Yes, several times. I am really surprised when I read that Mr. Baumann states: “We have not proposed them anything” and “We don´t have any on-going conversations.” On November 3, a delegation of our clubs attended a meeting in FIBA’s offices where they heard a proposal to co-organise the European competitions. On November 12, two days after we presented the project to the clubs and they approved it, we sent a letter to FIBA inviting them to participate in the project, because the unanimous consensus among the clubs was to decline FIBA’s offer but invite them to have a joint collaboration within the Euroleague Basketball/IMG agreement.
On November 19, FIBA replied saying that they needed some time for internal discussion before they could answer our invitation. This has never happened. In December 2015 I had a conversation with Mr. Baumann in Munich where I insisted on a meeting and he seemed quite skeptical about the convenience of holding one. We have now sent another letter inviting them to meet this month as we hope FIBA are willing to talk. Nevertheless, we cannot decide for them and a conversation can only happen if there are two parties and right now one part is missing.
– Do you think that there’s still a chance for you and FIBA to work together in some way or capacity?
Yes, I truly believe so.

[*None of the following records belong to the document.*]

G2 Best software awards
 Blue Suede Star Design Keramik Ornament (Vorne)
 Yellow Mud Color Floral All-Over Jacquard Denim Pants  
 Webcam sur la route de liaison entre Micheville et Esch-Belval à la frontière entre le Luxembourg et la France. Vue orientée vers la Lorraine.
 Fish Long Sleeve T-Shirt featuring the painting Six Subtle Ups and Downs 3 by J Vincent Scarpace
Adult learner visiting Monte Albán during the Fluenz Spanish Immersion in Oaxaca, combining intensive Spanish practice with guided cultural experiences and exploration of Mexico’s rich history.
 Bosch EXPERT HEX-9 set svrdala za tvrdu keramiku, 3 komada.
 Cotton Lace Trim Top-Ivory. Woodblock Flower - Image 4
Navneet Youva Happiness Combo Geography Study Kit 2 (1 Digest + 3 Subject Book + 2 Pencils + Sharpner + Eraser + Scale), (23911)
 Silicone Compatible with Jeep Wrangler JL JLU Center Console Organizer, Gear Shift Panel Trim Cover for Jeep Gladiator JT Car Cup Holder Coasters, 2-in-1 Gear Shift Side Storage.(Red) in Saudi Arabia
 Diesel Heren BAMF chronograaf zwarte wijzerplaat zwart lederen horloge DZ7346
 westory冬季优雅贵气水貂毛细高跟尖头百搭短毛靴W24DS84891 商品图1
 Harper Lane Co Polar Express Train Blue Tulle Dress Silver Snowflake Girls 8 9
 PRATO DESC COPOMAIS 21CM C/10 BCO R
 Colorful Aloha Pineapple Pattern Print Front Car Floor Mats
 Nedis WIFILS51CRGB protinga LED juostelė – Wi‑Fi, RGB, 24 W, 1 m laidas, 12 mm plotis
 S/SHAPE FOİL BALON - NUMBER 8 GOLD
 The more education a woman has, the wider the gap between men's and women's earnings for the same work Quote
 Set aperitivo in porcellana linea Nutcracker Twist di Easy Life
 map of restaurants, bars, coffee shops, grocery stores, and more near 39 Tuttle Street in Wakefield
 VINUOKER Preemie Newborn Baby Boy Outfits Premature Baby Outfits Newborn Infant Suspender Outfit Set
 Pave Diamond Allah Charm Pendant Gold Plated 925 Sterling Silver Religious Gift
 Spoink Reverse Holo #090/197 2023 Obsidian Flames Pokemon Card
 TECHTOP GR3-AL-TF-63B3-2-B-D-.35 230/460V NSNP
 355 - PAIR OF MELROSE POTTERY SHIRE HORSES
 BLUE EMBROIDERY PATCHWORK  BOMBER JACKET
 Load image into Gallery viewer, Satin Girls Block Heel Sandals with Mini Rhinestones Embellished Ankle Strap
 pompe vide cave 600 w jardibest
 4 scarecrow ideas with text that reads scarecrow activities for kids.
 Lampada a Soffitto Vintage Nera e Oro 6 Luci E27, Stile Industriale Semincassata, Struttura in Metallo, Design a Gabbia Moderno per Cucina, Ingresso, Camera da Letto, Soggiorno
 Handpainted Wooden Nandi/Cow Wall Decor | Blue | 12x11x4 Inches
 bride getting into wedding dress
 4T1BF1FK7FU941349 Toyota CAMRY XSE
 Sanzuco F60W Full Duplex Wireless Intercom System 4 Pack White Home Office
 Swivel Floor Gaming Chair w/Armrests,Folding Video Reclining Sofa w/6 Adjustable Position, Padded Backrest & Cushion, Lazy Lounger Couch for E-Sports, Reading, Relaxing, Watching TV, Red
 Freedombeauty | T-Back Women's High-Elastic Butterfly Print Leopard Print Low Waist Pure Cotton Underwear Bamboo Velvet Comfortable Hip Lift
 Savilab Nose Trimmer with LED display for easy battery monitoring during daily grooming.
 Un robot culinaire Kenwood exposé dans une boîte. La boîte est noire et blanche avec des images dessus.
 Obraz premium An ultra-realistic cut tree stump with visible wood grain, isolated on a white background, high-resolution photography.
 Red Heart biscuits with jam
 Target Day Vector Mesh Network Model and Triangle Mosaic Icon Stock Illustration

It is a matter of valuing each other’s duties and defining responsibilities. FIBA is the world’s governing body and their role is hugely important. On the other side, Euroleague Basketball’s duty is to manage the professional European competitions and grow them as much as possible, reaching the widest number of fans possible. If we all understand and respect each other’s duties, there is a clear room for understanding and over all I believe that there are many different areas where we can collaborate and develop projects together as we have done in the past, for example creating a joint venture for the live streaming of FIBA and Euroleague games, promoting national teams competitions such as the EuroBasket and FIBA World Championship at Euroleague and Eurocup games etc.
– There’s a wide perception that teams which do not get a spot in Euroleague will end up in FIBA Champions League and not in Eurocup. We don’t have any details on the business plan of the Eurocup. Can you explain to us what will be the motives for a team in order to play in the Eurocup?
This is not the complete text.